Mac OS XLate last week, I picked up my PowerBook from Tekserve, where a new hard drive was being installed to it after my last one died. I’m very happy to have it back, but the task of getting everything installed to it again has been a real pain. Every time I sit down to take care of a particular task on my computer — paying bills or writing a blog post or sending an email — it reminds me of at least one or two other bits of software that I haven’t yet installed. It’s remarkable how many little programs and utilities I’ve become dependent on over the past few years.

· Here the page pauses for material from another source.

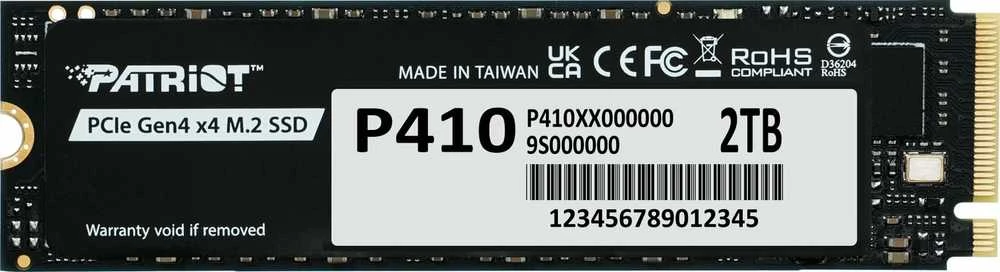 PATRIOT P410 2TB PCIe Gen 4 x4 M.2 SSD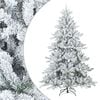 vidaXL &Aacute;rvore de Natal Artificial Articulada Nevado Flocked Branco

Well, I guess this has always been the case, because even back in the pre-historic days of System 7, Mac OS 8 and 9, I always had a surfeit of Control Panels and Extensions installed on my system, their icons crawling across the screen in a lengthy parade with each start-up of my Mac. I was thinking back to how I delayed the process of switching over from Mac OS 9 to Mac OS X, a stalling tactic based largely on how ‘indispensible’ a lot of those add-ons seemed to me at the time. I didn’t want to move over to the new operating system without them, but now I use almost none of them, and perhaps only a small number of programs with equivalent feature sets.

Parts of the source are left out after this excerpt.